The high street pub-chain, curry-purveyor and purchaser of carpets that are even more spaced out than Shetland pony on an acid trip, has announced that they are prepared to break the Brexit deadlock by allowing their premises to be treated as Irish sovereign soil.
In a surprise announcement, the pub-chain has committed to ensuring that anyone either called Mick, Coleen, or holding a red-haired child can pass into the UK through a special two for one meal deal in which citizens of Eire will be able to gain the citizenry rights of a normal UK citizen as well as a free portion of beer battered onion rings.
Company officials are already well-advanced in plans to convert a number of the chain’s general knowledge quiz machines to make the whole custom declaration process much easier for members of the emerald homeland. There are also plans to work alongside Ladbrookes and Paddy Power if some entries to the UK are not considered worthy enough of access, but their money is still considered good enough to take. Security for the new Border regions will be handled by that one weird bloke you always see standing outside a Wetherspoons who is probably pissed and run out of money for the train home. Any quarantine arrangements are likely to involve the disabled toilets.
The Irish Ambassador has, unfortunately, rejected the plan as one that does little but confirm peoples most grotesque stereotypes about the Irish and he said his government would rather see some form of partnership arrangement with Greggs if they could offer potato-bread on their menus before the Brexit deadline.
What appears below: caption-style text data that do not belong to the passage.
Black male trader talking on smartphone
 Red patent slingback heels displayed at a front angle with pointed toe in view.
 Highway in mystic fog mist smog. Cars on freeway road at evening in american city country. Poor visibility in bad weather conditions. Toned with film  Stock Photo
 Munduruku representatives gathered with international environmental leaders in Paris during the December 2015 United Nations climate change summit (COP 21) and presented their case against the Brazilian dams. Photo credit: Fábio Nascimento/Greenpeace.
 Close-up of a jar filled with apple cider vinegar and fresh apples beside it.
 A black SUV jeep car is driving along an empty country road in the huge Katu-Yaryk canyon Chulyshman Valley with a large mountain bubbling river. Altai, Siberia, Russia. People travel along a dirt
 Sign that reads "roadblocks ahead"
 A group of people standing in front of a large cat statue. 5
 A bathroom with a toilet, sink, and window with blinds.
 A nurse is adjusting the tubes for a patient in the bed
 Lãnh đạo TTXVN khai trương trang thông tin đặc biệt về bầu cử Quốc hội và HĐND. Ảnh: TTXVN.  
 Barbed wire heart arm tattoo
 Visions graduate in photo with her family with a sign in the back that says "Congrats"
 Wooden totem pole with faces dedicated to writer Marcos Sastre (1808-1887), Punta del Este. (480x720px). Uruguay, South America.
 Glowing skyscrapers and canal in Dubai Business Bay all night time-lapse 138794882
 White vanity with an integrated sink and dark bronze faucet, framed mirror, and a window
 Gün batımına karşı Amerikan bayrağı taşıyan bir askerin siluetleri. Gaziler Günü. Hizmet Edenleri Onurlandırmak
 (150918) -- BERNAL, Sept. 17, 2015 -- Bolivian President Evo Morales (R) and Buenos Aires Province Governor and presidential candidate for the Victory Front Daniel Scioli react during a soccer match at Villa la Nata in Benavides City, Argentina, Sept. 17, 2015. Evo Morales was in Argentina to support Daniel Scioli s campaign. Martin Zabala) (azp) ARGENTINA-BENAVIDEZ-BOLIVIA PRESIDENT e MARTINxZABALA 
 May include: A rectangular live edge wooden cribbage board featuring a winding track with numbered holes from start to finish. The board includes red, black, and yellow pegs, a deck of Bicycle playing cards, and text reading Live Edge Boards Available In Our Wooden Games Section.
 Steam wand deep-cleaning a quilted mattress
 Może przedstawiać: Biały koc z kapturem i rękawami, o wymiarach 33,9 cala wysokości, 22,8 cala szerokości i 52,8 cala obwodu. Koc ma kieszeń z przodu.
Harvester, otherwise known as the Switzerland of the pub world, has said it will maintain its traditional position of neutrality and continue to allow Irish citizens to pass through its premises unchecked as the Irish usually never touch the salad bar and so help to keep profit margins high. It has also been speculated that, if Scotland does elect to become independent, A and E departments in England will adopt a similar model of sovereignty as this is where most Scottish people end up eventually when they come to England. The DUP has, as yet, refused to support the new offer saying that anyone who drinks or ‘sups the devil’s buttermilk’ is doomed to go to Hell – which already has border arrangements with the City of London and the premises of most estate agents.